Introduction

The layered structure of ggplot2 encourages you to design and construct graphics in a structured manner. You’ve learned the basics in the previous chapter, and in this chapter you’ll get a more comprehensive task-based introduction. The goal here is not to exhaustively explore every option of every geom, but instead to show the most important tools for a given task. For more information about individual geoms, along with many more examples illustrating their use, see the documentation.

It is useful to think about the purpose of each layer before it is added. In general, there are three purposes for a layer:

  • To display the data. We plot the raw data for many reasons, relying on our skills at pattern detection to spot gross structure, local structure, and outliers. This layer appears on virtually every graphic. In the earliest stages of data exploration, it is often the only layer.

  • To display a statistical summary of the data. As we develop and explore models of the data, it is useful to display model predictions in the context of the data. Showing the data helps us improve the model, and showing the model helps reveal subtleties of the data that we might otherwise miss. Summaries are usually drawn on top of the data.

  • To add additional metadata: context, annotations, and references. A metadata layer displays background context, annotations that help to give meaning to the raw data, or fixed references that aid comparisons across panels. Metadata can be useful in the background and foreground.

    A map is often used as a background layer with spatial data. Background metadata should be rendered so that it doesn’t interfere with your perception of the data, so is usually displayed underneath the data and formatted so that it is minimally perceptible. That is, if you concentrate on it, you can see it with ease, but it doesn’t jump out at you when you are casually browsing the plot.

    Other metadata is used to highlight important features of the data. If you have added explanatory labels to a couple of inflection points or outliers, then you want to render them so that they pop out at the viewer. In that case, you want this to be the very last layer drawn.

This chapter is broken up into the following sections, each of which deals with a particular graphical challenge. This is not an exhaustive or exclusive categorisation, and there are many other possible ways to break up graphics into different categories. Each geom can be used for many different purposes, especially if you are creative. However, this breakdown should cover many common tasks and help you learn about some of the possibilities.

  • Basic plot types that produce common, ‘named’ graphics like scatterplots and line charts, Section 3.1.

  • Displaying text, Section 7.2.

  • Adding arbitrary additional anotations, Chapter 7.

  • Surface plots to display 3d surfaces in 2d, Section 5.7.

  • Drawing maps, Section 6.

  • Revealing uncertainty and error, with various 1d and 2d intervals, Section 5.1.

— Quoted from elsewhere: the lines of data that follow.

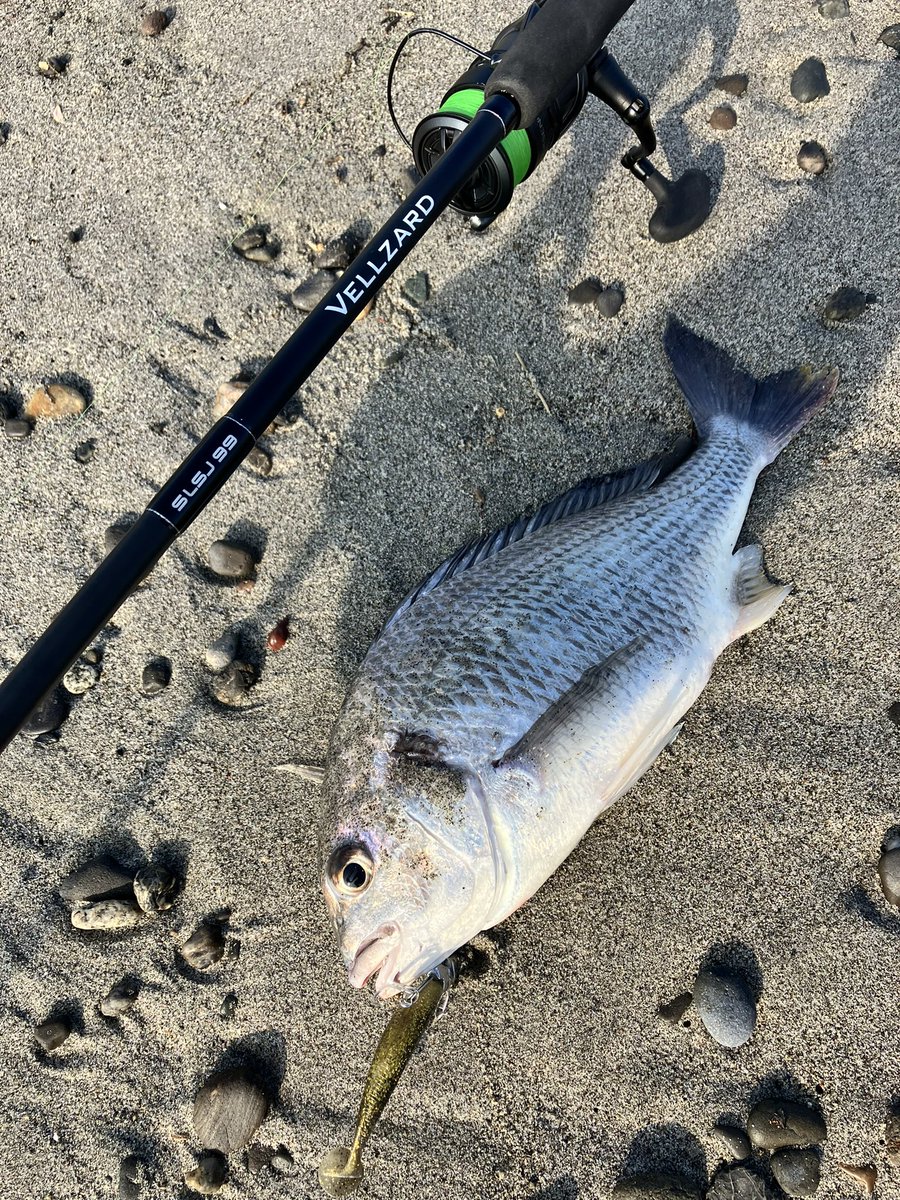 アングラーHM (@EXSENCE13) / Posts / X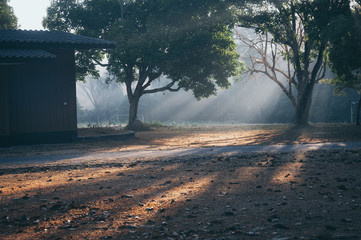 Wall Mural - morning scene at khao yai national park, thailand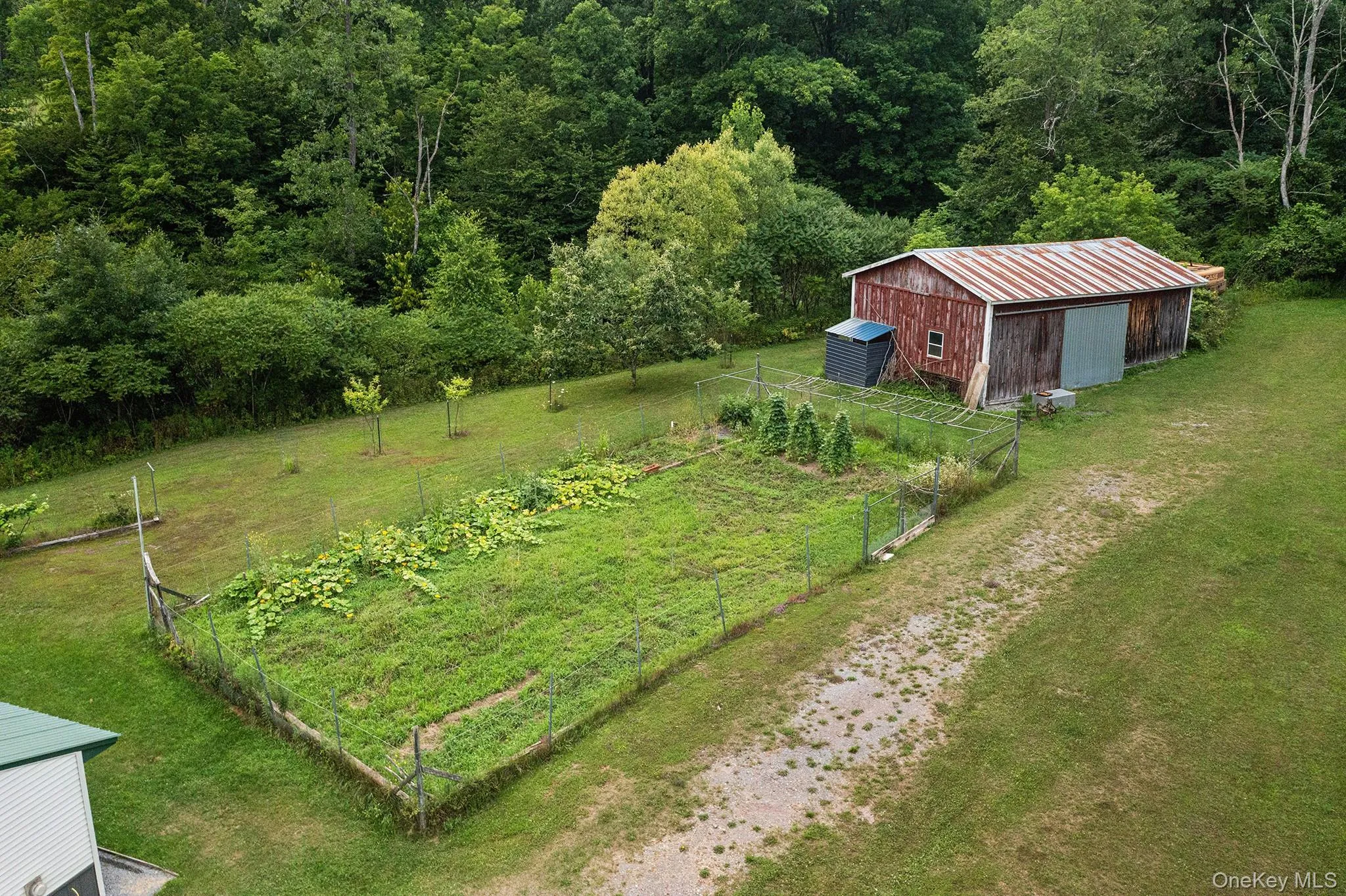 234 Mary Taylor Road, Schoharie, NY, 5 Bedrooms Bedrooms, 11 Rooms Rooms,3 BathroomsBathrooms,Residential,For Rent,Mary Taylor Road,0,1033943 234 Mary Taylor Road, Schoharie, NY, 5 Bedrooms Bedrooms, 11 Rooms Rooms,3 BathroomsBathrooms,Residential,For Rent,Mary Taylor Road,0,1033943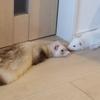 ねこにゃー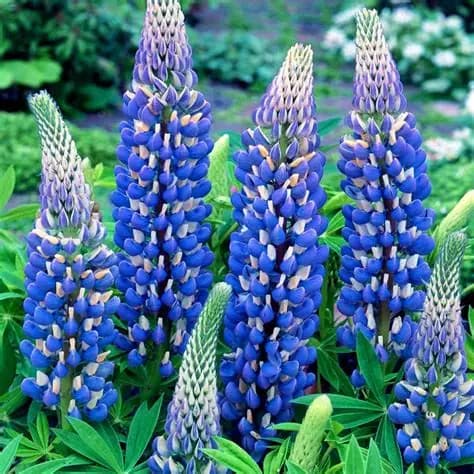 lupinus-governor-2 (1).jpg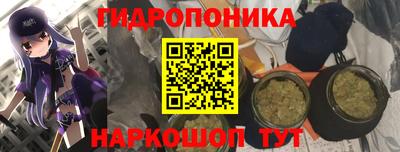 прущие грибы Рязань
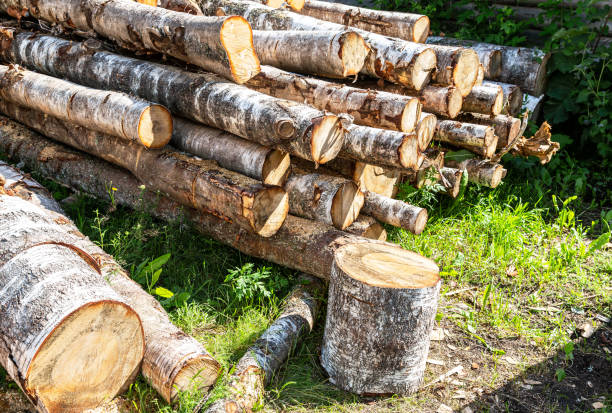 istock Deforestation, stacked timber at the countryside in sunny day 1431044267
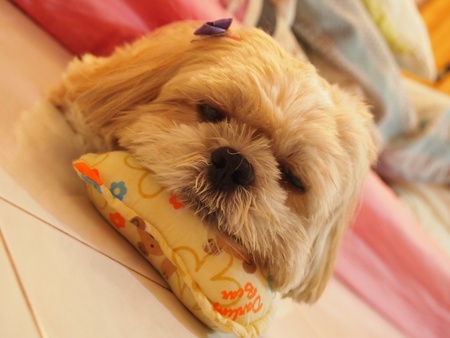 Sleepy shih tzuの写真素材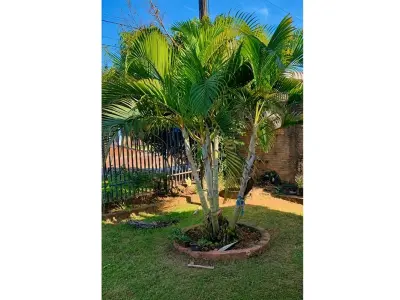 Casa en venta en Hernandarias, Mariscal López 3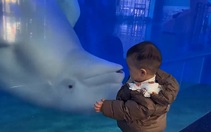 Cá heo 'quê một cục' vì không hù dọa được bé trai
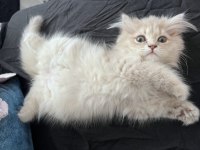 Safkan Brıtısh Longhaır Cınnamon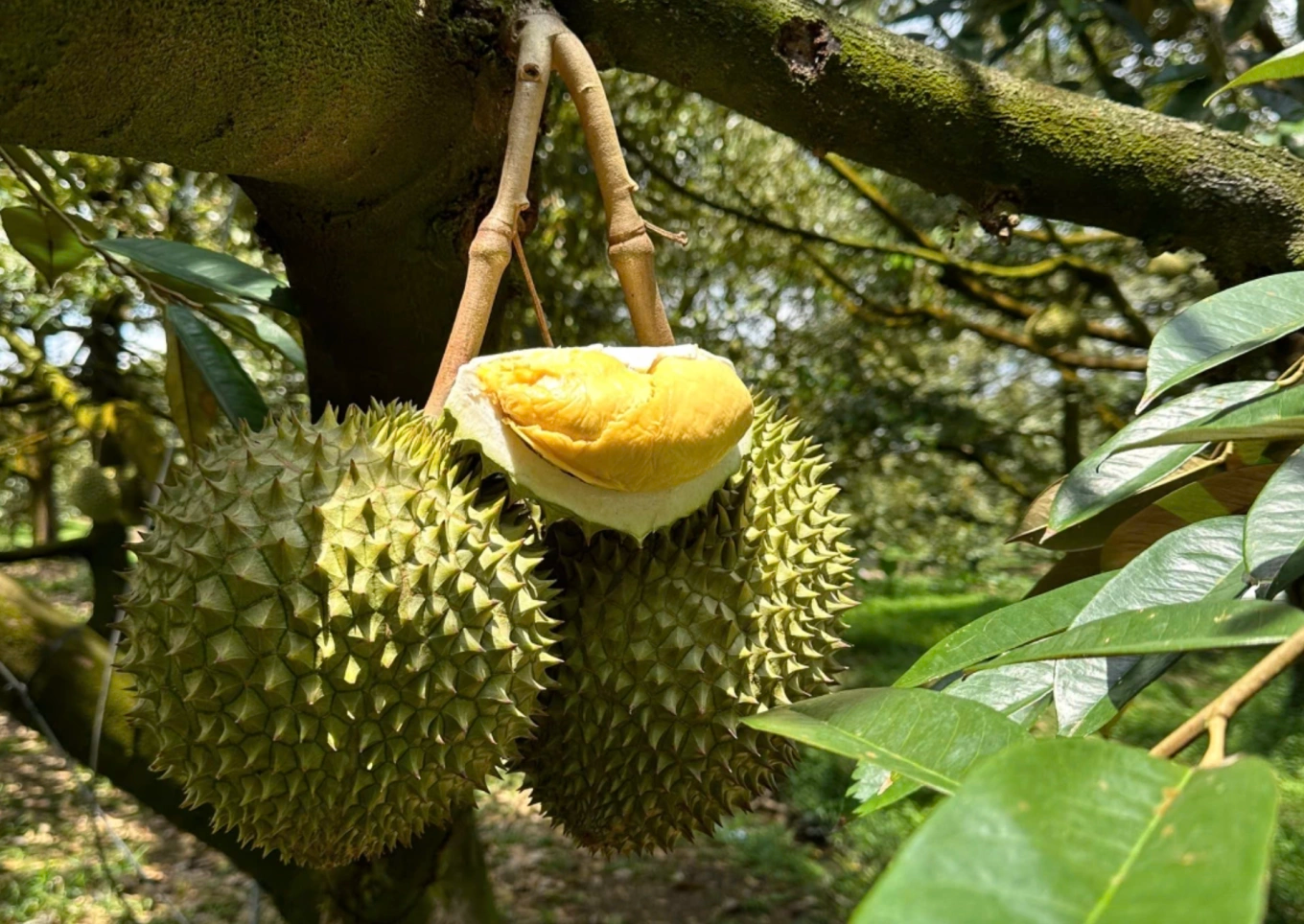 Цена на дуриан сегодня, 5 декабря 2025 г.: остаётся высокой в ​​дельте Меконга.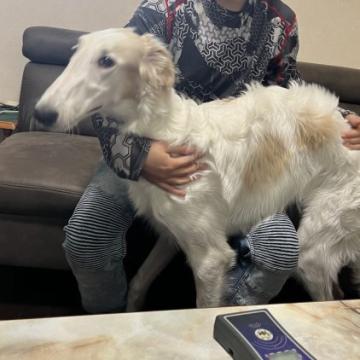 ボルゾイ【青森県・女の子・2022年3月13日・ホワイト&クリーム】の写真「優しい色の可愛い子パパは映画出演犬です。」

  • Weighted data, Section 5.2.

  • In Section 5.3, you’ll learn about the diamonds dataset.

The final three sections use this data to discuss techniques for visualising larger datasets:

  • Displaying distributions, continuous and discrete, 1d and 2d, joint and conditional, Section 5.4.

  • Dealing with overplotting in scatterplots, a challenge with large datasets,
    Section 5.5.

  • Displaying statistical summaries instead of the raw data, Section 5.6.